Riding down Attaway road was fairly uneventful until a double trailer gas truck blew the stop sign just after we had turned onto Az 287 and shot across 4 lanes of increasingly busy morning traffic. Luckily he managed to choose a good break in traffic to fall asleep. He slammed on his breaks on the other side of the highway after he woke up. He later passed us a few miles later after he managed to turn that thing around on what was a narrow country road on the other side, he must have actually had to drive a bit of a detour to get around as you can’t really back a double trailer.
In Coolidge we discovered that the mail slot on the mailbox was sealed shut. Kind of weird. Anyway, there was a lady there who agreed to take our postcards and mail them down the road for us so we took off again into the night as unlike last year we had plenty of fluids to finish the ride on due to the cool evening. Did I mention we were wearing arm warmers and leg warmers? We actually put them on at the gas station as the descents had gotten a bit chilly. We basically left them on for the rest of the ride much to the amusement I am sure of other cyclists out after sunrise. After Crossing the Gila River on the way to Chandler the mantra became, Breakfast Buffet, Breakfast Buffet, Breakfast Buffet. Our speed picked up a bit for that last stretch interestingly enough.

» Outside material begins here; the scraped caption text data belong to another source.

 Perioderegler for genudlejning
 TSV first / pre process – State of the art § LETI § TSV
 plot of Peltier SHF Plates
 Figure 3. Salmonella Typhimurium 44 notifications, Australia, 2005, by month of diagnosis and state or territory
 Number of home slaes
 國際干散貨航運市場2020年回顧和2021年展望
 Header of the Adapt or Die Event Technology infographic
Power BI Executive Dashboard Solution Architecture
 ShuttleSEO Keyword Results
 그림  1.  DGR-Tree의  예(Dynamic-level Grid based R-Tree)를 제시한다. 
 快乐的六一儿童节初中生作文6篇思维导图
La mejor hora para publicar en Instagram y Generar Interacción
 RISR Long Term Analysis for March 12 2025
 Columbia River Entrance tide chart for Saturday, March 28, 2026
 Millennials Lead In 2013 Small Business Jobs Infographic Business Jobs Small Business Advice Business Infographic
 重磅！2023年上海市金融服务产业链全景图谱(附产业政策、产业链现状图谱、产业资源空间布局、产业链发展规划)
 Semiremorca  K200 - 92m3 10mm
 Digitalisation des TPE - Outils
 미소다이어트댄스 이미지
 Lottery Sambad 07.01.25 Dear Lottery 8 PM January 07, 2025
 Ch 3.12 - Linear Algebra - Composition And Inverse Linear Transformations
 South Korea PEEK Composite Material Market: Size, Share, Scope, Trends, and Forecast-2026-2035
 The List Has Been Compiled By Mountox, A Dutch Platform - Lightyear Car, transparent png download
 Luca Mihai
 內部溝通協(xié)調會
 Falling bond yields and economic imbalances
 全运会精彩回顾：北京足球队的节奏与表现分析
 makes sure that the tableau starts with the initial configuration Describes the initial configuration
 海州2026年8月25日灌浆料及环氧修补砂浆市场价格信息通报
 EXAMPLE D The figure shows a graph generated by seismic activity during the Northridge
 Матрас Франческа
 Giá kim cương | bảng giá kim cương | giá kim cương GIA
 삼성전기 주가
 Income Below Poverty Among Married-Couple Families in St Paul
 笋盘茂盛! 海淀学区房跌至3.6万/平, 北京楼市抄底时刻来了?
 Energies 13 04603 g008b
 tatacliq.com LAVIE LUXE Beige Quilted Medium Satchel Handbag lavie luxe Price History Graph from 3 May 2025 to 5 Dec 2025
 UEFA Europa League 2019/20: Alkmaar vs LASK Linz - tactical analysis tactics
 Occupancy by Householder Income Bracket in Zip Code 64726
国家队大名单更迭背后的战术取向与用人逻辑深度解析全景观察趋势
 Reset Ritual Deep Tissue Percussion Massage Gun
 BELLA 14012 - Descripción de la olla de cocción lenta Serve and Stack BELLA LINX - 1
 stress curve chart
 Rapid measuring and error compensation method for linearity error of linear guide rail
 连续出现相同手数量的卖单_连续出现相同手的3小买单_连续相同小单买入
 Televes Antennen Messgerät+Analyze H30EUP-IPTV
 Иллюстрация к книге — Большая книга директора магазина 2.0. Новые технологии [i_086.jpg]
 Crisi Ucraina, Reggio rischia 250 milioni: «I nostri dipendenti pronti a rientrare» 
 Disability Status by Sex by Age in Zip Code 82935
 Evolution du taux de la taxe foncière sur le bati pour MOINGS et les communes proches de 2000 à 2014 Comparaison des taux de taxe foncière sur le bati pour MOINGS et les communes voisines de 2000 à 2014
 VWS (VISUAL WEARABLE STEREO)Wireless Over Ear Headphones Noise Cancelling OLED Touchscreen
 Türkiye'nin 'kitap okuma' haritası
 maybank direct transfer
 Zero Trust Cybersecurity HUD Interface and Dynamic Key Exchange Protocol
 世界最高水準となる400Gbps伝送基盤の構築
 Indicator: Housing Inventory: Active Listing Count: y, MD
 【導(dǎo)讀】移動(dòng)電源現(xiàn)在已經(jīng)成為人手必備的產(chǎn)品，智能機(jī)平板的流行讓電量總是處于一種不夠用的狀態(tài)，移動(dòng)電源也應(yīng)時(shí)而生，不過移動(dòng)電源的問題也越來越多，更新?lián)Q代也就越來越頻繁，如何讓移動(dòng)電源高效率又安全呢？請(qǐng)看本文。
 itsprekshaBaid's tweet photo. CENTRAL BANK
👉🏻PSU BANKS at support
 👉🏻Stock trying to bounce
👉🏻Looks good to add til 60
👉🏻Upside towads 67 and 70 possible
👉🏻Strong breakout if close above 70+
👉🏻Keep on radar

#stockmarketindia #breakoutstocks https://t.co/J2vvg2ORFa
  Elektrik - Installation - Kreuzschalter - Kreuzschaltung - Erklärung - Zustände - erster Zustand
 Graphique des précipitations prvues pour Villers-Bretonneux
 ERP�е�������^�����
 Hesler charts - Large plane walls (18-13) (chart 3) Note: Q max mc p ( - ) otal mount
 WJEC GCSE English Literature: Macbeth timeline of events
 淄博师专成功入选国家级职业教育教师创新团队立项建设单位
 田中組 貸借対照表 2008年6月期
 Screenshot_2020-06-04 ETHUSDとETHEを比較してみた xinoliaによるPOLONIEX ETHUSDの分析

On the hunt highway we stopped for a bit and saw one of the Gaba club rides approaching. Thinking they were the fast group we let them pass and were surprised to catch up with them quickly (must have been the slow group) and pass them again so late in our ride. Of course, they didn’t have a breakfast buffet waiting so perhaps it wasn’t a fair race.
The last section was a bit of a push for me but not too bad. The breakfast buffet of course was fabulous. What a recovery meal! What a ride! We harvested a 200k under the harvest moon. Then to home and a nice bed.